## Action item
With the images left out, print all of the records below exactly.
══ Source information
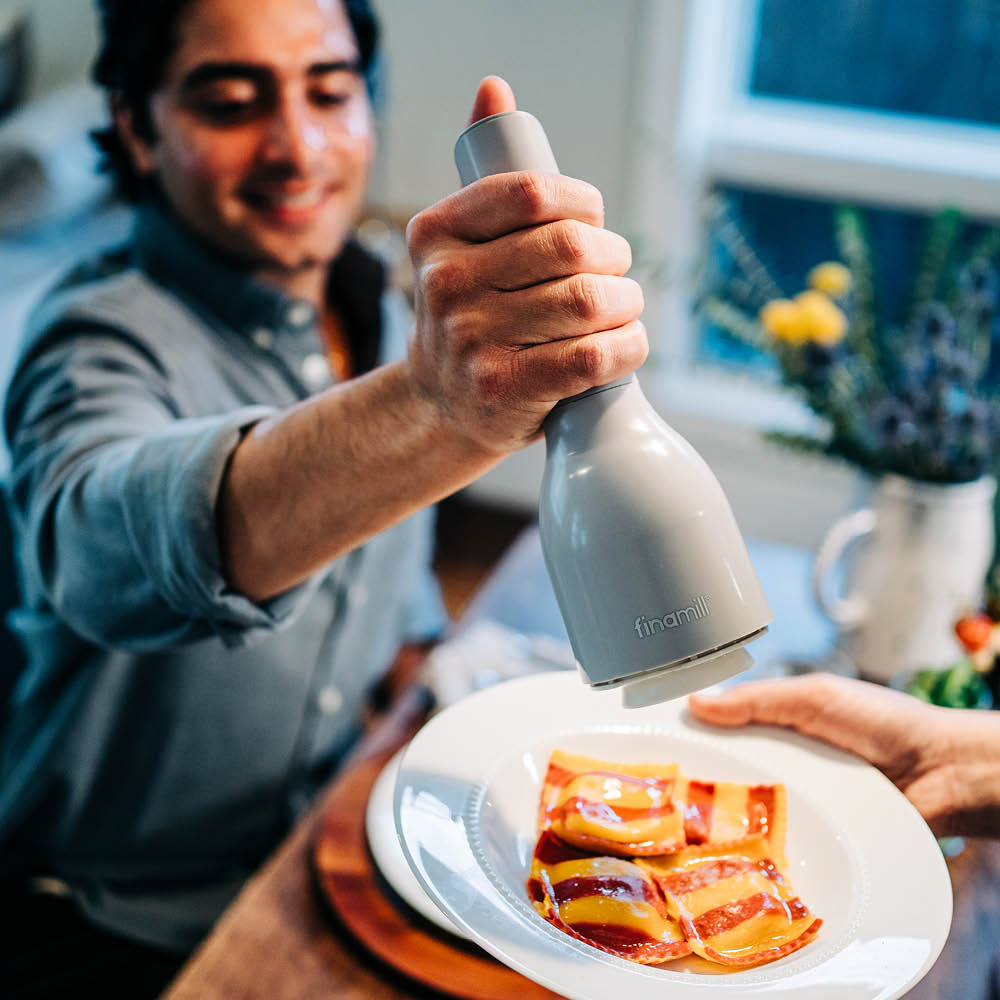 FinaMill Oppladbar krydderkvern m/2 finapod 23 cm soft cream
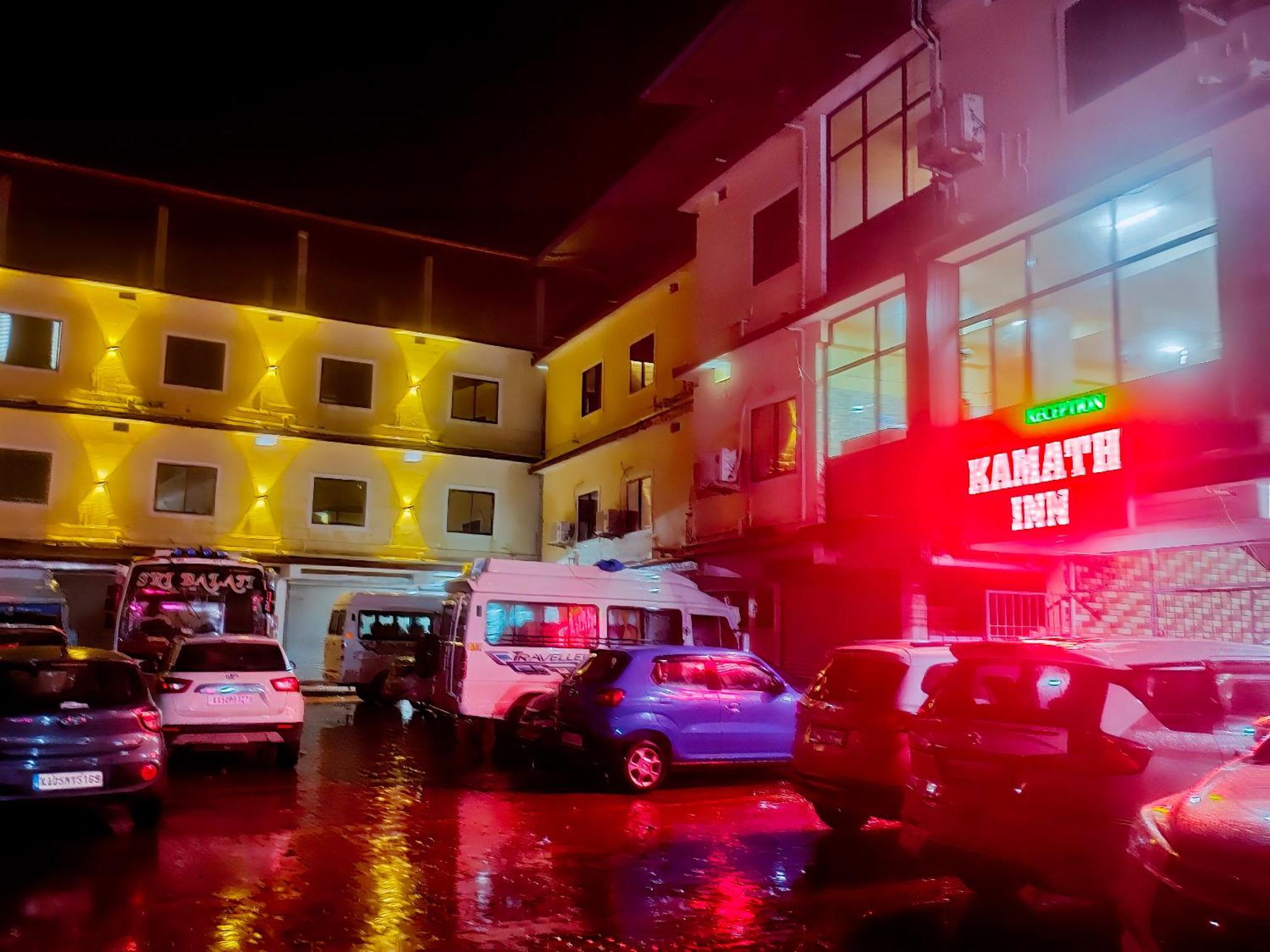 Kamath Inn Māvalli Eksteriør billede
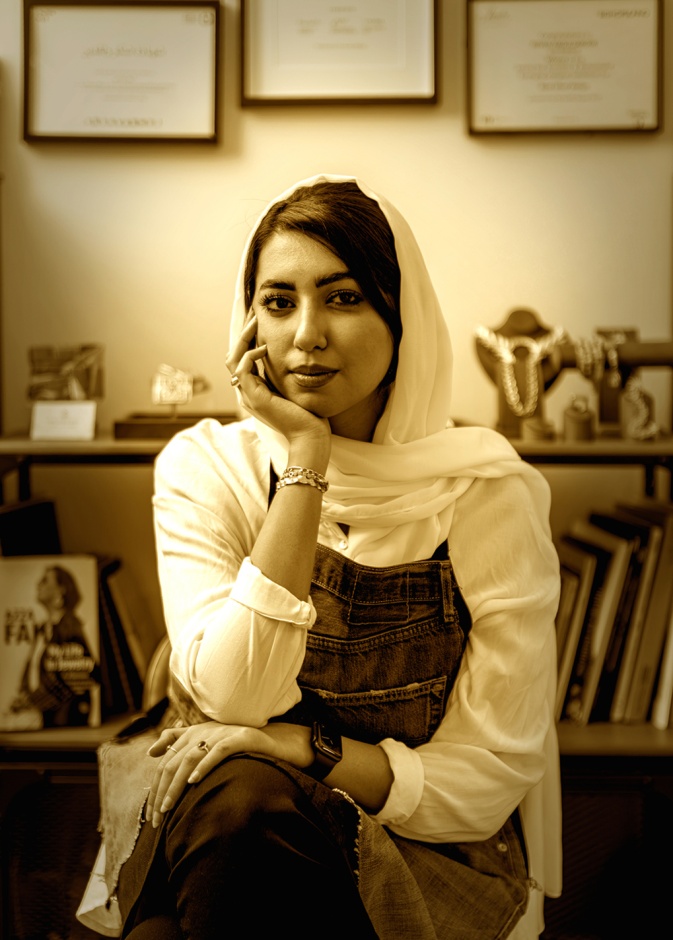 الفخامة كما تصوغها الأيدي... صاغة مجوهرات سعوديون ينسجون بالفكر واليد ملامح فخامة جديدة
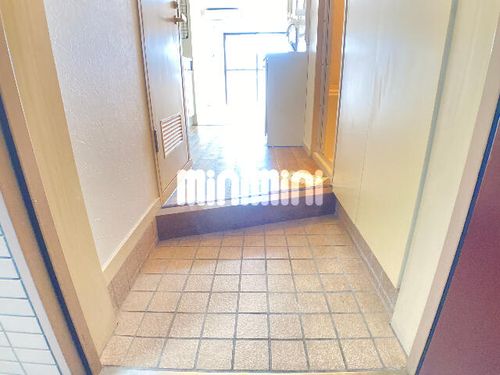ホーメストつるまいの玄関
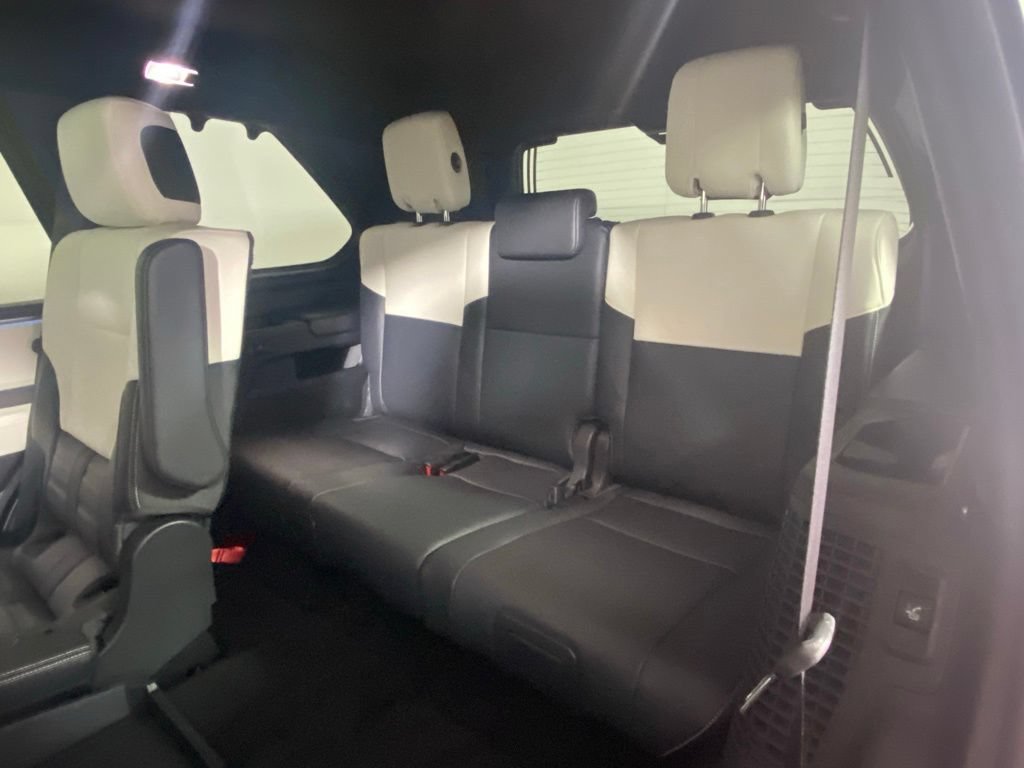 Used 2024 Toyota Sequoia Capstone AWD/4WD image 15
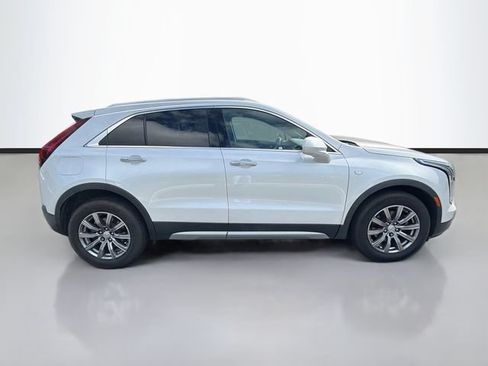 Used 2019 Cadillac XT4 Premium Luxury w/ Cold Weather Package AWD/4WD image 8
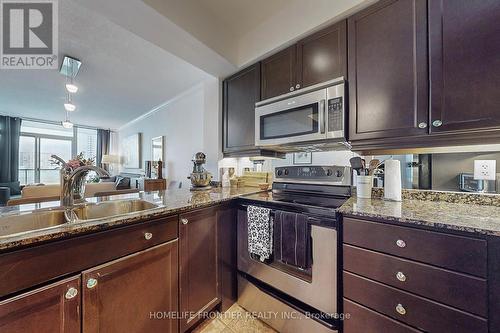610 - 100 Promenade Circle, Vaughan, ON - Indoor Photo Showing Kitchen With Double Sink
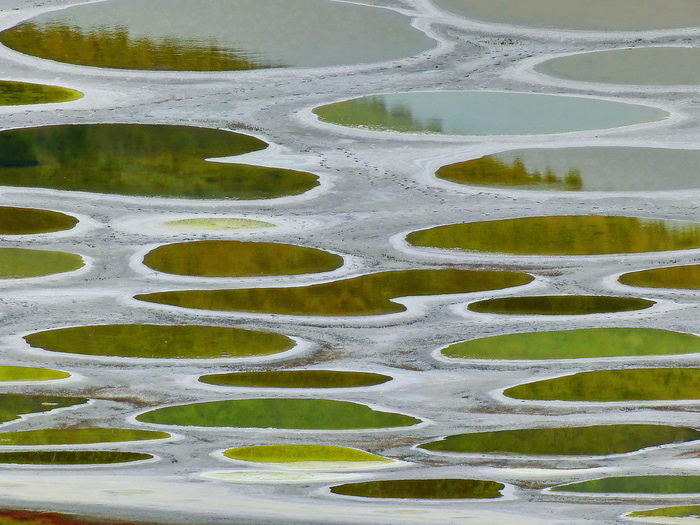 spotted lake (5) (700x525, 212Kb)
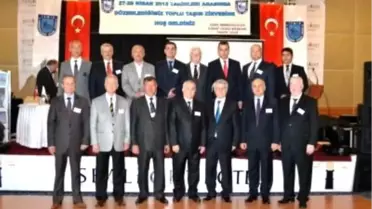 Minibüsçüler Kuşadası'nda Toplantı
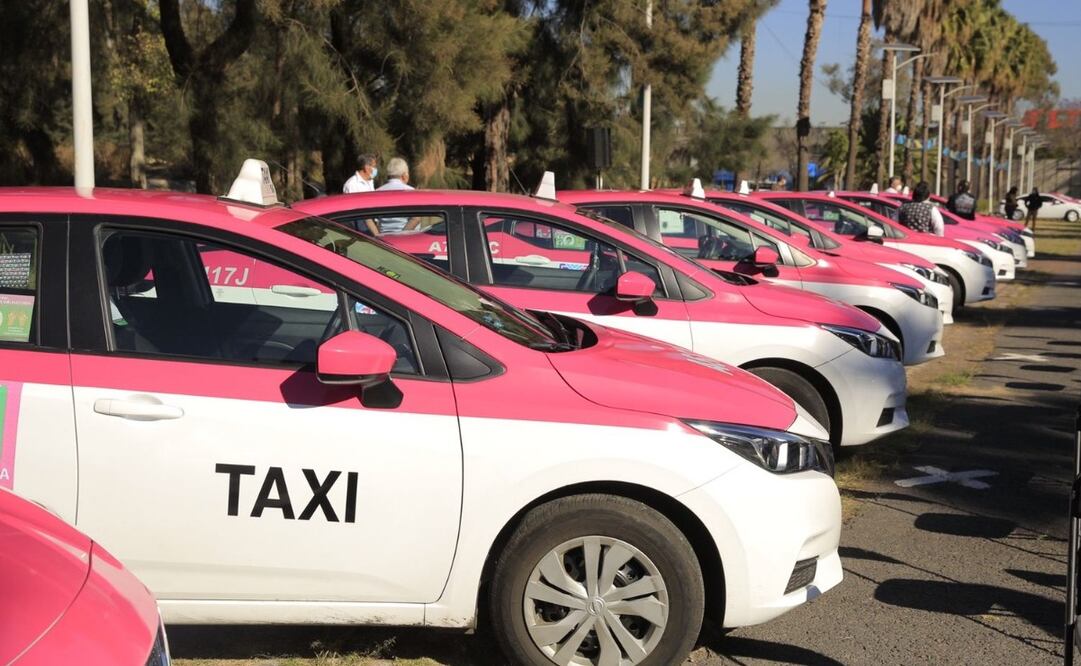 Taxis de la CDMX se actualizan para competir contra Uber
════
## Task answer
 FinaMill Oppladbar krydderkvern m/2 finapod 23 cm soft cream
 Kamath Inn Māvalli Eksteriør billede
 الفخامة كما تصوغها الأيدي... صاغة مجوهرات سعوديون ينسجون بالفكر واليد ملامح فخامة جديدة
ホーメストつるまいの玄関
 Used 2024 Toyota Sequoia Capstone AWD/4WD image 15
 Used 2019 Cadillac XT4 Premium Luxury w/ Cold Weather Package AWD/4WD image 8
610 - 100 Promenade Circle, Vaughan, ON - Indoor Photo Showing Kitchen With Double Sink
 spotted lake (5) (700x525, 212Kb)
 Minibüsçüler Kuşadası'nda Toplantı
 Taxis de la CDMX se actualizan para competir contra Uber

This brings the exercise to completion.